→ Task prompt: Among the records below, find each line bearing the word "Sterling" and copy it.

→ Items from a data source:
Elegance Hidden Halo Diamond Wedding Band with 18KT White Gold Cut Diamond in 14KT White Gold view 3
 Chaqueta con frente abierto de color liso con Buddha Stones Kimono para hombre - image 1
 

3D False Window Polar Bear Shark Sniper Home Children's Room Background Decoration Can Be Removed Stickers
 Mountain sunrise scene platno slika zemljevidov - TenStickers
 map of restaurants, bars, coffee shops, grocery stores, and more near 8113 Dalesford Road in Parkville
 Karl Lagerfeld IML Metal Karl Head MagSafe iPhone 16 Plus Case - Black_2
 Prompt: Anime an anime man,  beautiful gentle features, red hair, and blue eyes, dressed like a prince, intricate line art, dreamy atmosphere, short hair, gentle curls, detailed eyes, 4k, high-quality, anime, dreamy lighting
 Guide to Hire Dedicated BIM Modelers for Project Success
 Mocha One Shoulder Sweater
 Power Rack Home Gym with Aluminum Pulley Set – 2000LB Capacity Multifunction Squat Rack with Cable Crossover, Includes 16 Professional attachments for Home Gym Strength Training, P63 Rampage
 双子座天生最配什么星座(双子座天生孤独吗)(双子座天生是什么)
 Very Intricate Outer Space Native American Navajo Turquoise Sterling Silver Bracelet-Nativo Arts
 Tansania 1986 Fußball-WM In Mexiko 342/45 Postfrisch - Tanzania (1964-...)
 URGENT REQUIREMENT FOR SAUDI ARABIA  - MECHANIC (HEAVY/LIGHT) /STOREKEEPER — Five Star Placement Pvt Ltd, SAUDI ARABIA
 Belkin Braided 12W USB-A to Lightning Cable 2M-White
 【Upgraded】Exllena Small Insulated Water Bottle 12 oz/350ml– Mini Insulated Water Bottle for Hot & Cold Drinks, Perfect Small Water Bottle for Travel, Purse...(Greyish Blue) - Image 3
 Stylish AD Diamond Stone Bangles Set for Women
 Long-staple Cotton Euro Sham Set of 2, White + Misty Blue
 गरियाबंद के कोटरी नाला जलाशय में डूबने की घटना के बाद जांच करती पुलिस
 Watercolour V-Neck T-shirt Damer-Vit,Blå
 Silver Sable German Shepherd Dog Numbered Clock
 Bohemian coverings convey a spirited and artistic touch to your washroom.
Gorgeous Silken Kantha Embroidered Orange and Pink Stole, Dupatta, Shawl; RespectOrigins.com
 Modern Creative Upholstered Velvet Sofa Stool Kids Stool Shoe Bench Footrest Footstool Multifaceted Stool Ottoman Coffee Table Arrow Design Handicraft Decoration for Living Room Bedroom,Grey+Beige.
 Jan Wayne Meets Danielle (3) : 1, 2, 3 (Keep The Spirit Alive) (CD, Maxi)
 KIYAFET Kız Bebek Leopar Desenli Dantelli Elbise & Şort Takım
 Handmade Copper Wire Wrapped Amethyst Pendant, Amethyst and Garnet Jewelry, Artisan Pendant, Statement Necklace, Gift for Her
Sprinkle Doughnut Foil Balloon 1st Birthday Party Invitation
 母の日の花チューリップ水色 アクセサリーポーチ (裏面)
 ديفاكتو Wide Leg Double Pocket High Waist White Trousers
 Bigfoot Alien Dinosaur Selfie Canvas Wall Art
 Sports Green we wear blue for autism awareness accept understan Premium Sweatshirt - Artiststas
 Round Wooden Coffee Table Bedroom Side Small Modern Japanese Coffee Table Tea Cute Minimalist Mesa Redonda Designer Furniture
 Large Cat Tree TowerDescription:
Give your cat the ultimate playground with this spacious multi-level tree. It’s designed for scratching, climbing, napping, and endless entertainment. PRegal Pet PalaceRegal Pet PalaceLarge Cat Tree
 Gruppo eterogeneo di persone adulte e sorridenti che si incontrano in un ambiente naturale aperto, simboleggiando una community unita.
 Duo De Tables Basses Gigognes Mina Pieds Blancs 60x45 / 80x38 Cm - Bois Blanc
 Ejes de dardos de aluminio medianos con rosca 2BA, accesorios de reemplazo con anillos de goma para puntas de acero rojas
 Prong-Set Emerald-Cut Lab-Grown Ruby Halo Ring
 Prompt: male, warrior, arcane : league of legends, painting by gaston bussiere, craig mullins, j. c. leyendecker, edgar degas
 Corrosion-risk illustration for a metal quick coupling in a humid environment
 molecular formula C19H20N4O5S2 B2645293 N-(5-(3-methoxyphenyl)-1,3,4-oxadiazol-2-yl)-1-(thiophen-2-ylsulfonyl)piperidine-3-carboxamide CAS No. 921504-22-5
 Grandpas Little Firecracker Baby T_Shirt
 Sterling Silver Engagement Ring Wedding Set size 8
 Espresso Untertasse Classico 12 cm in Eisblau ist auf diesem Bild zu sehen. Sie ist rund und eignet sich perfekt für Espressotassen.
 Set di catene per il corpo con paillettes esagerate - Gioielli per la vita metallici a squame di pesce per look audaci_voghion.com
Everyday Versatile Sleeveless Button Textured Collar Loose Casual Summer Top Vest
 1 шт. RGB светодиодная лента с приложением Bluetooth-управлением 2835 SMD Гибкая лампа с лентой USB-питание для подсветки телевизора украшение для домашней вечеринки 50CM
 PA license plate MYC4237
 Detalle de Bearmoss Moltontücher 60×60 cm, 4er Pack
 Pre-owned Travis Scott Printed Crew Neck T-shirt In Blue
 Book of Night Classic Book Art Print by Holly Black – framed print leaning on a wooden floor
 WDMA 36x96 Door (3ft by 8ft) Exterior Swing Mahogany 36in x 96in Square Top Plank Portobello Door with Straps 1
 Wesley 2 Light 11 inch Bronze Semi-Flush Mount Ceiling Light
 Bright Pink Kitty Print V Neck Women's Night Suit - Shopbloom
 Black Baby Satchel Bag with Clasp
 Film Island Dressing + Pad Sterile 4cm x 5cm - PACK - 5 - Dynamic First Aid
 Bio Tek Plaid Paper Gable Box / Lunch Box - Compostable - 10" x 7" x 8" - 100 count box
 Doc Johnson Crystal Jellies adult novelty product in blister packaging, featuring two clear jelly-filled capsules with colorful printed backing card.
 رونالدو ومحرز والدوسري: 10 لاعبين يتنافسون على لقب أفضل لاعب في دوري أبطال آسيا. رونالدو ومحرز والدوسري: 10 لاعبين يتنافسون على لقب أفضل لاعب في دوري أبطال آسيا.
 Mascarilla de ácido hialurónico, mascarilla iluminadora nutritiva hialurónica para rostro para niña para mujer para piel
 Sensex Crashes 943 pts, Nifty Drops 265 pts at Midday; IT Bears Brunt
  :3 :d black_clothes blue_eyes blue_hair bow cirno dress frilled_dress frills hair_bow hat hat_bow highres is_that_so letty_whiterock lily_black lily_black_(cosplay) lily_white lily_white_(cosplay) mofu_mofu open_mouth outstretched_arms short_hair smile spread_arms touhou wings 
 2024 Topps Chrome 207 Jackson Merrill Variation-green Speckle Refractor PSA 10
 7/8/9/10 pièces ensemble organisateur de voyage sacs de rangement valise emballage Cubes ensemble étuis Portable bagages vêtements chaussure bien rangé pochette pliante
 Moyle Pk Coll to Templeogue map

→ Solution:
 Very Intricate Outer Space Native American Navajo Turquoise Sterling Silver Bracelet-Nativo Arts
 Sterling Silver Engagement Ring Wedding Set size 8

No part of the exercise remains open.